The Concordium Blockchain Research Center at Aarhus University has developed ConCert, a formally verified smart contract execution framework, which also includes a PBT library. The tests in the following section were executed in this framework on a port of (the central parts of) the iToken contract.

Testing the iToken contract

Let us now return to the question of what property to test on the iToken contract. The ERC-20 specification states that any ERC-20 compliant token must implement a totalSupply() function that “returns the amount of tokens in existence”. It is up to the particular implementation whether this amount is constant (i.e. set during token deployment), or if it is dynamic (by providing mint and burn operations for creating and destroying tokens, respectively). Regardless, totalSupply() must always represent the ground truth.

An obvious way of asserting that this property is satisfied is by computing the sum of all balances in the balances map (which is stored in the iToken contract’s state), and asserting that it is equal to totalSupply() for any contract state. More formally:

forall tokenState,
  let balances_sum := ... in
  balances_sum =? tokenState.totalSupply()

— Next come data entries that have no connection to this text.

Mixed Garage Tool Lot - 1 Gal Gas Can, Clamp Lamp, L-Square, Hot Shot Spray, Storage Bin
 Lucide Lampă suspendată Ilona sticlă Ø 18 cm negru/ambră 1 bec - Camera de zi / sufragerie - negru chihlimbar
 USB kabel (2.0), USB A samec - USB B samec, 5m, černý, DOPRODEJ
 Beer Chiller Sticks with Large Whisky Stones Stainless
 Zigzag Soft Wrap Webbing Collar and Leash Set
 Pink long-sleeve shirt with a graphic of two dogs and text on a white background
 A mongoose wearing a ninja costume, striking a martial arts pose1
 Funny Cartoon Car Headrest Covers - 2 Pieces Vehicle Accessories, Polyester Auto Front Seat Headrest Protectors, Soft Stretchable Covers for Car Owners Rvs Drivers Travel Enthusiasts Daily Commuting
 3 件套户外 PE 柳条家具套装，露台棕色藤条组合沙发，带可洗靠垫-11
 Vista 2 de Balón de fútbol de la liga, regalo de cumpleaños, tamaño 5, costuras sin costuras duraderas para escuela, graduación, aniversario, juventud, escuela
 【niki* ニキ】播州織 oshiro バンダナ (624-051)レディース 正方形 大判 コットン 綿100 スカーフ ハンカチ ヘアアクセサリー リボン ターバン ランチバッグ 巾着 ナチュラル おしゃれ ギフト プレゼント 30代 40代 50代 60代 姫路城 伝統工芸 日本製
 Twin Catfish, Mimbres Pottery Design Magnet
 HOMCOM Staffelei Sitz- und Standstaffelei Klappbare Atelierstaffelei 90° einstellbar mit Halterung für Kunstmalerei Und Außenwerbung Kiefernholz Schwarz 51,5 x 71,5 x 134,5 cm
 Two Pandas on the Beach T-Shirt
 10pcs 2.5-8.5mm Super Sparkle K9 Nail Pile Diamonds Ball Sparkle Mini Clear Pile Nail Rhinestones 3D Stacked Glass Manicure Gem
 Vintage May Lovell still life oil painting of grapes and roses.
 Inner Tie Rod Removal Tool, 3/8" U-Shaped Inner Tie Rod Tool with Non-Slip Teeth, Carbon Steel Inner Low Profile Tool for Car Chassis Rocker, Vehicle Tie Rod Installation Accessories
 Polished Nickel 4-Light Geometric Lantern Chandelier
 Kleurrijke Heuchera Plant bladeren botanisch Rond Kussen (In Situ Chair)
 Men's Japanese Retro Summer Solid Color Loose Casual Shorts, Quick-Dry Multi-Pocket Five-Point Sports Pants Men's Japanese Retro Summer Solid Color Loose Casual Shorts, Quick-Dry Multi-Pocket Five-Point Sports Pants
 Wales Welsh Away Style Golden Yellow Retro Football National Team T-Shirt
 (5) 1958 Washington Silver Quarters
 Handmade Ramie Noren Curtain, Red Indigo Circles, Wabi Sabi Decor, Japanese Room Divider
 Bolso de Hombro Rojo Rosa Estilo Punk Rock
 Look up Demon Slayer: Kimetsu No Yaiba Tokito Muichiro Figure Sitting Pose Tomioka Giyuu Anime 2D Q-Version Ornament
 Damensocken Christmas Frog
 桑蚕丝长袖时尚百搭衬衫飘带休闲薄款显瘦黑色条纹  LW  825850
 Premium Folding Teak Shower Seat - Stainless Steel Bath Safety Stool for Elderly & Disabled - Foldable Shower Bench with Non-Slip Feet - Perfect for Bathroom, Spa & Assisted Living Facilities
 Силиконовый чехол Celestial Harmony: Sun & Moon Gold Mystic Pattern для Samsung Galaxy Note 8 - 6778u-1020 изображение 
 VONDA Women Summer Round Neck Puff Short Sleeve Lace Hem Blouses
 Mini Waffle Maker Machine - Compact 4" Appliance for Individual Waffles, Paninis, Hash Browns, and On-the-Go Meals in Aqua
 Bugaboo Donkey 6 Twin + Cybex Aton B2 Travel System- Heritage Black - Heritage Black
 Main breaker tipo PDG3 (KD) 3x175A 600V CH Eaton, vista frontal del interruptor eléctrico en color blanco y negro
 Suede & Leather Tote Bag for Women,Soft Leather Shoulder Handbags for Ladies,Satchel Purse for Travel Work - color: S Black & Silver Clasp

Of course, it may be the case that totalSupply() is calculated in the exact same way as balances_sum (although that would be a terrible approach!) if the supply can change over time with mint and burn operations. In this case we would of course never discover the bug, since the equality would be trivially satisfied. We could also state another property: if an incoming call to the contract is not a mint or burn action, then totalSupply() (or alternatively, sum_balances) must remain unchanged before and after the call. More formally we can state this in a hoare-triple style with pre- and post conditions:

{fun msg => not (is_mint msg or is_burn msg)}
iToken.receive
{fun oldState newState => oldState.totalSupply() =? newState.totalSupply()}

This property says that given an arbitrary msg, if it is neither a mint or burn action, then after executing this action, the total supply should not change. Here we assume iToken.receive is some function that takes an incoming msg (like a transferFrom, mint, or burn action), and updates the contract’s internal state.

We claim that testing at least one of these properties would discover the bug. Furthermore, notice how they follow from the ERC-20 specification. In particular the first property is a direct formalisation of the specification of totalSupply(), and the second is a natural specialization, relying on the knowledge that only certain actions (mint and burn) should change the total supply. It is also important to note that neither property is stated in terms of transferFrom, nor uses any knowledge about the edge case where sender and receiver are the same address.

The two properties above were tested in ConCert’s PBT framework on a port of the iToken contract. Both tests failed and provided a counterexample with a self-transfer in transferFrom. The source code is available on Github. To our knowledge, only ConCert’s PBT framework has the expressiveness to test these two properties. Other existing PBT frameworks for smart contracts seem restricted to simpler, assertional properties on specific endpoints.

Closing thoughts

We have seen how to use property-based testing to discover the bug that made the recent $8M bZx attack possible. We emphasize that the tests do not use any posterior knowledge of the attack, since the properties tested follow directly from the ERC-20 specification that the offending contract was supposed to satisfy. In general, whenever there is a specification/standard, property-based testing is an easy, obvious, and cost-efficient choice to potentially discover bugs in the implementation with respect to the specification.